(1) Weapons differ in attack, defense, length, damage, number of attacks, special abilities (vs. shield bonus, for instance, armor piercing (ignores 50% PROT), etc). Some benefits are found only on magic weapons, such as being armor-negating (ignores PROT). Crossbows pierce armor. Electrical attacks negate it.
(2) Composition of enemy force esp. surviving mages, fliers, unusually tough units, magic items. Interaction between units. Tactical problems such as friendly fire, not having enough gems, etc. Bars indicate hp/fatigue damage. Icons shown are all units in square; 6 points of size fit in one square (hoburg=1, man=2, cavalry=3, jotun=4, titan=6).
(3) Orders used frequently include hold/attack if I want the enemy to have to come to me, fire/archers or fire/rear at times, attack rear for flankers esp. cav, fliers... Assassins, powerful mages tend to get scripted by me, as well as spells that I decide I definitely want.
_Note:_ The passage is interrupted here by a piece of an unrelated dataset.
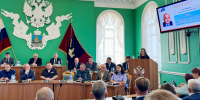 Участники еженедельного  совещания стоя аплодисментами поздравили Сергея Ситникова с победой на выборах - Администрация области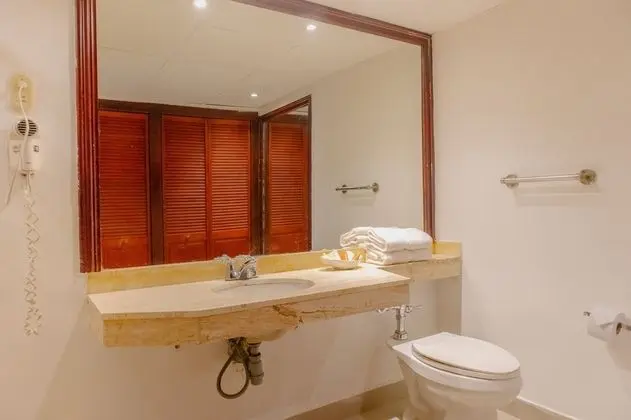 Junior Süit, Sigara İçilmez (2 King Beds, Family Room)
(4) I don't, but it would make some sense to do so if you've the spare leaders.
(5) You can't.
(6) 1 man-sized unit per water point, IIRC. It won't let you take troops that'll drown immediately.
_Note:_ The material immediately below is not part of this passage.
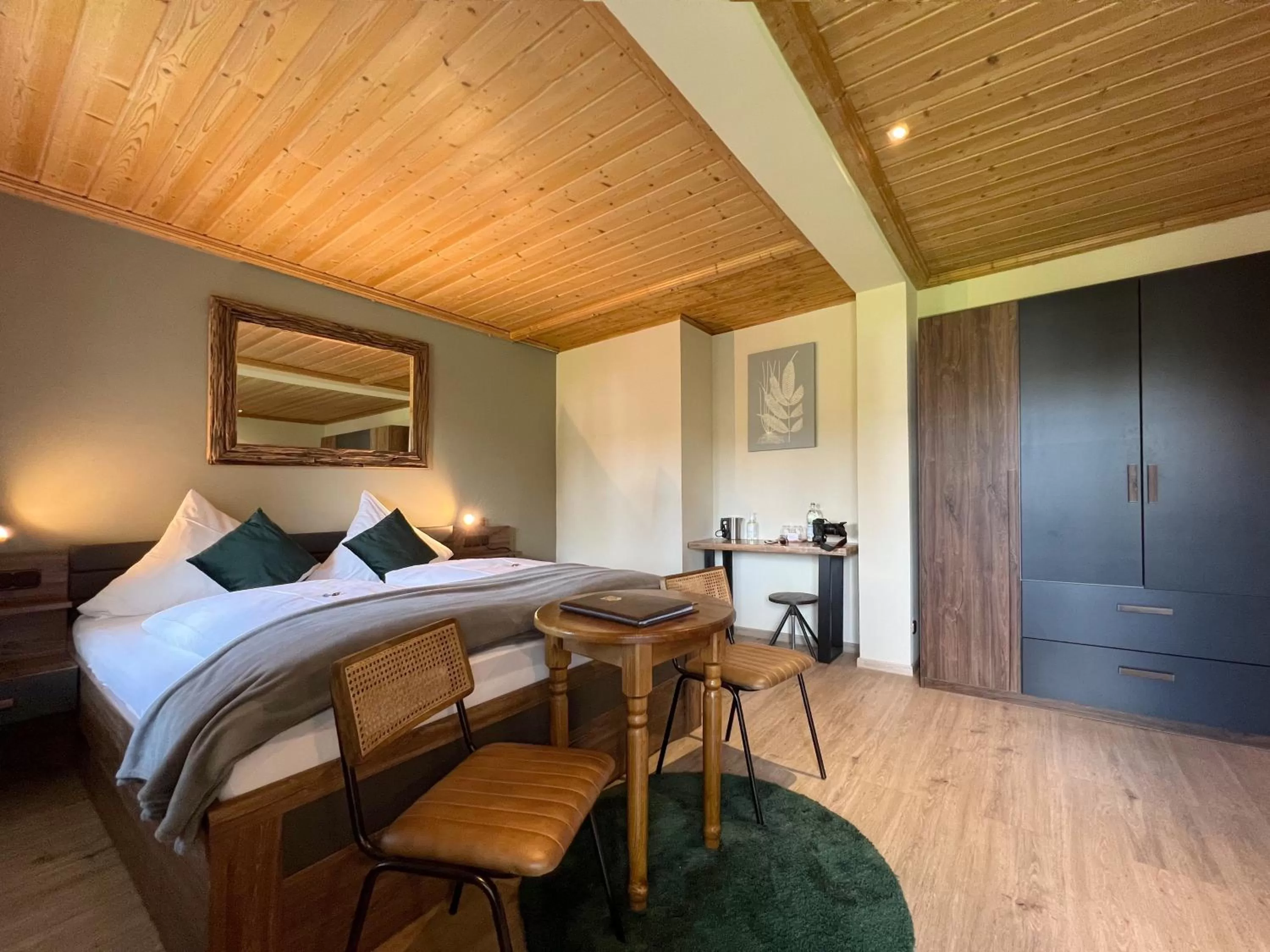 Photo of the whole room, Bed in Hotel Schlossblick Chiemsee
(7) Every defense point gets you more troops. At 20+, the troops you get per point change.
(8) Depends on overall strategy, pretender, nation, enemies, magical resources available, size of map, strength of indies... no right answer.
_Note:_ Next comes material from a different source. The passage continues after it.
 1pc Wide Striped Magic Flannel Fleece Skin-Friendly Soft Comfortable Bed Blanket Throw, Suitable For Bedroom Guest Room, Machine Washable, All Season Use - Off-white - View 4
Site searching again depends, e.g. Ermorian Ashen Empire Lich Queen, which can have absolutely insane amounts of magic, frequently makes a good searcher. Divination spells can be very nice -- they're cheap, too, and can help a lot if you have poor access to level 3/4 mages of the appropriate types. Some require level 3, but such a mage might be more useful at home summoning, forging, and casting rather than searching.